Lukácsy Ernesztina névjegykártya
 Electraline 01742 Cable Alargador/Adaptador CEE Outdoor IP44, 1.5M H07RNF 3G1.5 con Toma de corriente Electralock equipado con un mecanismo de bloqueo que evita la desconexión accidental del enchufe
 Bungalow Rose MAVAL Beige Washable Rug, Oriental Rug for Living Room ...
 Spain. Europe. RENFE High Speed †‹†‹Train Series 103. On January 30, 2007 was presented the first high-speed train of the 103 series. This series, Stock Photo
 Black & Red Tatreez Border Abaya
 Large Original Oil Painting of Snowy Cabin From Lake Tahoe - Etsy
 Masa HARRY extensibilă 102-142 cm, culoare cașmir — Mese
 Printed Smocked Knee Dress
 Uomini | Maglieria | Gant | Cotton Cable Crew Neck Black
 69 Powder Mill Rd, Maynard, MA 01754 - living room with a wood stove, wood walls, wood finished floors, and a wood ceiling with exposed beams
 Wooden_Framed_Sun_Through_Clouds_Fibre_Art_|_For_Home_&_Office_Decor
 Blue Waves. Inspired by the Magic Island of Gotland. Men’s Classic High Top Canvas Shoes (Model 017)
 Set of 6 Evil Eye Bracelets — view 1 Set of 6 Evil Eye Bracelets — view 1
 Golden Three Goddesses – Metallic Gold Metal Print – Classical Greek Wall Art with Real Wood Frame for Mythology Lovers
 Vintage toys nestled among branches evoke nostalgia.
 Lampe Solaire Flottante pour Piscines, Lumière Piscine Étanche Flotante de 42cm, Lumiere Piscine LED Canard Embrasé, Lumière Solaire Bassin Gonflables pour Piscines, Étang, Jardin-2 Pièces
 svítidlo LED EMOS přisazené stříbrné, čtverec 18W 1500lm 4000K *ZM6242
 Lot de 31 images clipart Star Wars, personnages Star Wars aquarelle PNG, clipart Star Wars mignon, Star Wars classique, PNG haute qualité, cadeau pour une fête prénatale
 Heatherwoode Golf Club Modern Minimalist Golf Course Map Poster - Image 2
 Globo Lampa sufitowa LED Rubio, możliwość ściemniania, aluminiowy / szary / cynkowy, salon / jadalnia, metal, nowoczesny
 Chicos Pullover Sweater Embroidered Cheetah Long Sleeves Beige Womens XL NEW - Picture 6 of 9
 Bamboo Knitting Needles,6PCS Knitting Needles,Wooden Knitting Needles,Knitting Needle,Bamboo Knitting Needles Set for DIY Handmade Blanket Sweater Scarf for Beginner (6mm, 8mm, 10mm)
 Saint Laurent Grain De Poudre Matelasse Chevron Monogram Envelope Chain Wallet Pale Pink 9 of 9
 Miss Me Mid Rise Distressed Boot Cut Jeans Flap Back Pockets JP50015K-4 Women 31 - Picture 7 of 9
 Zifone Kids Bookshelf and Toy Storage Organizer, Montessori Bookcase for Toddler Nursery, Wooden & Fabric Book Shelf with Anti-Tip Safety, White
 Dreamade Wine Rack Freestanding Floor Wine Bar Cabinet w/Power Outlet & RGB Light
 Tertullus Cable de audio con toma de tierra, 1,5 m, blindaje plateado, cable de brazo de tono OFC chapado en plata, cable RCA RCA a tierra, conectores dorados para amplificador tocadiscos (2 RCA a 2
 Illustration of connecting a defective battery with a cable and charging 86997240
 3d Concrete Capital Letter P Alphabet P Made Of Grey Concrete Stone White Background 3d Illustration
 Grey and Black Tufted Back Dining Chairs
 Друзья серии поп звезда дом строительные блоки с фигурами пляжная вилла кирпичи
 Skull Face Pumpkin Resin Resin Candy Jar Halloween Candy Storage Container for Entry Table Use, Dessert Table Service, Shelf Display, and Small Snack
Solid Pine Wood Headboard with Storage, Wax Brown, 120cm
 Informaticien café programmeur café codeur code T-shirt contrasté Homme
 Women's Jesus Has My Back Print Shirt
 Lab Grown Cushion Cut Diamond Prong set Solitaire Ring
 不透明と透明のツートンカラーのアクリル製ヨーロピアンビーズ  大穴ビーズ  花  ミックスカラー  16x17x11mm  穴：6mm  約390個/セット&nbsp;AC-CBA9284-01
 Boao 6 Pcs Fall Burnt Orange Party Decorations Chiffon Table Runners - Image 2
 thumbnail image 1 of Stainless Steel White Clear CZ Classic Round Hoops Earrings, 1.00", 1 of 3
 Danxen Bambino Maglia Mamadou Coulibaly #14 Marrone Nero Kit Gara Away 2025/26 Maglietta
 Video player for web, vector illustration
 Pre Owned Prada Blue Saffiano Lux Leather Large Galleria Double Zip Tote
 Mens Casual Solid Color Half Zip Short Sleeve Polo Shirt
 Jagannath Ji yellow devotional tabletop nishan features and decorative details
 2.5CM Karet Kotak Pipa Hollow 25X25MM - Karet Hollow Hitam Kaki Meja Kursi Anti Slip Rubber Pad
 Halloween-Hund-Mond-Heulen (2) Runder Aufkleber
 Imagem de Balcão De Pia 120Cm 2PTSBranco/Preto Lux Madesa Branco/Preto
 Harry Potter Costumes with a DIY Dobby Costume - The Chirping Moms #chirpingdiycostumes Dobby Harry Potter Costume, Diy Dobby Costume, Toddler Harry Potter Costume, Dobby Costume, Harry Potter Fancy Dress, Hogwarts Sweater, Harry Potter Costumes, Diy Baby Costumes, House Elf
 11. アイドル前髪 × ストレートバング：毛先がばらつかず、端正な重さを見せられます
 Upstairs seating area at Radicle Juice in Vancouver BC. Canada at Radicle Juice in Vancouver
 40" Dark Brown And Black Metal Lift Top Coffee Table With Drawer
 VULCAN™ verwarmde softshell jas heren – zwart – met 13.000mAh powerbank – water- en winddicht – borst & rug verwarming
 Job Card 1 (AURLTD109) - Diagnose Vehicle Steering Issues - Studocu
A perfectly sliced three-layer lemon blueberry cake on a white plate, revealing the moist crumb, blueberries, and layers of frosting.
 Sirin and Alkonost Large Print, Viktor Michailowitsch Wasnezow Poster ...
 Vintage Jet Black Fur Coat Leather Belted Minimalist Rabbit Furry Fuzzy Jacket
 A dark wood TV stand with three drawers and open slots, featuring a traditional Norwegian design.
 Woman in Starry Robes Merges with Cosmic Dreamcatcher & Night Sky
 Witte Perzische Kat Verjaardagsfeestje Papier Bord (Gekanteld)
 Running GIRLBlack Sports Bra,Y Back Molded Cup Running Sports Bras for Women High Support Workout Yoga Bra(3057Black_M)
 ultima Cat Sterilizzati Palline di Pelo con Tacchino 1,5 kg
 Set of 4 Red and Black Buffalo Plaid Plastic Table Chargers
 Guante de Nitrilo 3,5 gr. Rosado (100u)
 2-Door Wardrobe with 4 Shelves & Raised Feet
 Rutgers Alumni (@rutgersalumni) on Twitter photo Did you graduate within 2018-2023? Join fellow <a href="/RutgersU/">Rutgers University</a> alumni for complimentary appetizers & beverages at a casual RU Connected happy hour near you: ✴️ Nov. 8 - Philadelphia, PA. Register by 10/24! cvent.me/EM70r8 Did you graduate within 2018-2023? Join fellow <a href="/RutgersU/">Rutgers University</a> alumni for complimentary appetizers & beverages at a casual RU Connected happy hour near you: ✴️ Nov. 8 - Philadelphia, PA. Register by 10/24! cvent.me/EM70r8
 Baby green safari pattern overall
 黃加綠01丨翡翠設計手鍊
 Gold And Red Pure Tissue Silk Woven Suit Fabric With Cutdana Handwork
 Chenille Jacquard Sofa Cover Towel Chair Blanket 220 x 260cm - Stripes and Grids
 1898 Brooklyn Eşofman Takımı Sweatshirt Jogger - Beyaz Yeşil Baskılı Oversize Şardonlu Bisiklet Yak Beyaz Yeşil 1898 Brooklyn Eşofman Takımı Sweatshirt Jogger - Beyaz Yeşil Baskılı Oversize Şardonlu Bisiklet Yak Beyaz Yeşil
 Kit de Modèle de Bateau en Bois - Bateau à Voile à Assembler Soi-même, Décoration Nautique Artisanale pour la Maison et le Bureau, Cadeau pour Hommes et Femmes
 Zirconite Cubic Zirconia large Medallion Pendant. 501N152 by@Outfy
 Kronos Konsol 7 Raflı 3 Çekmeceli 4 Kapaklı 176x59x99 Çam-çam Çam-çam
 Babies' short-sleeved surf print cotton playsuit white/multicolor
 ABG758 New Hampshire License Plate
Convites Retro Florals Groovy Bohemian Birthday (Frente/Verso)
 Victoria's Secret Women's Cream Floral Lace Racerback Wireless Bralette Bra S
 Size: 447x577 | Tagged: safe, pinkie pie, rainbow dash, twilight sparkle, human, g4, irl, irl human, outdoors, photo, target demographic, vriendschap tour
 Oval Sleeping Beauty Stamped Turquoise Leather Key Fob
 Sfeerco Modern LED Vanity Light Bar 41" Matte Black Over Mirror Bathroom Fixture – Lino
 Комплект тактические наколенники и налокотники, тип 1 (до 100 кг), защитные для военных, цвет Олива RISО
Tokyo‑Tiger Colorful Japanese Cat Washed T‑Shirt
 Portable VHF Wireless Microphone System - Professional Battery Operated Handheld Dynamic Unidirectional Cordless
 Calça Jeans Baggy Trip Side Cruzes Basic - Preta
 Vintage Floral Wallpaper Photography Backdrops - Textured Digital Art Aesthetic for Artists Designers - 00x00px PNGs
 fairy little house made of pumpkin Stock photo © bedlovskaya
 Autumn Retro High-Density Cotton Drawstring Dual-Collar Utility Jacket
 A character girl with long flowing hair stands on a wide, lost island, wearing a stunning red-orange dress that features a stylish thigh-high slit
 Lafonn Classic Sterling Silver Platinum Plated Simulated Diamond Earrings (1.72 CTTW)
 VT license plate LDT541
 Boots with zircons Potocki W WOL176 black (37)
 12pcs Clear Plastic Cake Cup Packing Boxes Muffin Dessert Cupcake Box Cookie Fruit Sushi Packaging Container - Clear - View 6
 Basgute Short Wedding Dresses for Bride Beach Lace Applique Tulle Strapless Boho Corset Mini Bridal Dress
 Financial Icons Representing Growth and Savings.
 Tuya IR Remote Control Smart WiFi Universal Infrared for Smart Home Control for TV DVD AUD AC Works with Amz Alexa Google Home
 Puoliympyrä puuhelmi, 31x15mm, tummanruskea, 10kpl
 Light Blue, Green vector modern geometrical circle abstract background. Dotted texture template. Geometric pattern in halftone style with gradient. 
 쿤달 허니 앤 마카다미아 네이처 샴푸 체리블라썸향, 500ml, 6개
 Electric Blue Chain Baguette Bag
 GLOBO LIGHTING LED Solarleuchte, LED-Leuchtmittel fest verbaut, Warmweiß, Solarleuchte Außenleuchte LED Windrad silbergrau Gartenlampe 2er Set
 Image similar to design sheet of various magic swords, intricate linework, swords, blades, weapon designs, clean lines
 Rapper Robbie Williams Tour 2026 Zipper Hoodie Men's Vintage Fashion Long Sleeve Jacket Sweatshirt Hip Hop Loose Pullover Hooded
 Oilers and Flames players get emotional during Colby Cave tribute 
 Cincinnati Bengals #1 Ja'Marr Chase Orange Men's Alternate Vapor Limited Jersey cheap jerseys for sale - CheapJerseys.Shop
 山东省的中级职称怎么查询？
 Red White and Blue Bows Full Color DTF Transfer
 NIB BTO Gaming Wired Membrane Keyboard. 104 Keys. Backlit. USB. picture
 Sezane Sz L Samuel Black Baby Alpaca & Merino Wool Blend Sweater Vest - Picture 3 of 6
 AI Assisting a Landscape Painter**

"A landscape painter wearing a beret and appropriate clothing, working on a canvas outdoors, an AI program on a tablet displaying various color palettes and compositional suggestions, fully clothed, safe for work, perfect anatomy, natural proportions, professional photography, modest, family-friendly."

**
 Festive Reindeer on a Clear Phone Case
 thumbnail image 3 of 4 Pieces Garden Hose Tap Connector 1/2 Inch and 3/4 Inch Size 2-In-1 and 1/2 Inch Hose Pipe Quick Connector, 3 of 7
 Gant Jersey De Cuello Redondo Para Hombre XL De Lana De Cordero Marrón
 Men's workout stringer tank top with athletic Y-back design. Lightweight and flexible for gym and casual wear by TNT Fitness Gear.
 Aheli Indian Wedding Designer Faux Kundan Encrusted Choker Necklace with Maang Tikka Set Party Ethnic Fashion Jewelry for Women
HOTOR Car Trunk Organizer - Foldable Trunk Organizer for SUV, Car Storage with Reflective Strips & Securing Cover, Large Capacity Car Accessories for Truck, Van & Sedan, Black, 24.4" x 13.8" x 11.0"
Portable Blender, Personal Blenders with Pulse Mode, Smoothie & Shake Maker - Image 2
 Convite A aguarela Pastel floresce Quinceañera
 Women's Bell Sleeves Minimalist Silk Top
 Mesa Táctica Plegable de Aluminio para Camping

[Problem statement] Give back exactly the lines above, from the line containing "Convites Retro Florals" through the line containing "fairy little house", with both end lines and nothing more.

[Answer to this problem]
Convites Retro Florals Groovy Bohemian Birthday (Frente/Verso)
 Victoria's Secret Women's Cream Floral Lace Racerback Wireless Bralette Bra S
 Size: 447x577 | Tagged: safe, pinkie pie, rainbow dash, twilight sparkle, human, g4, irl, irl human, outdoors, photo, target demographic, vriendschap tour
 Oval Sleeping Beauty Stamped Turquoise Leather Key Fob
 Sfeerco Modern LED Vanity Light Bar 41" Matte Black Over Mirror Bathroom Fixture – Lino
 Комплект тактические наколенники и налокотники, тип 1 (до 100 кг), защитные для военных, цвет Олива RISО
Tokyo‑Tiger Colorful Japanese Cat Washed T‑Shirt
 Portable VHF Wireless Microphone System - Professional Battery Operated Handheld Dynamic Unidirectional Cordless
 Calça Jeans Baggy Trip Side Cruzes Basic - Preta
 Vintage Floral Wallpaper Photography Backdrops - Textured Digital Art Aesthetic for Artists Designers - 00x00px PNGs
 fairy little house made of pumpkin Stock photo © bedlovskaya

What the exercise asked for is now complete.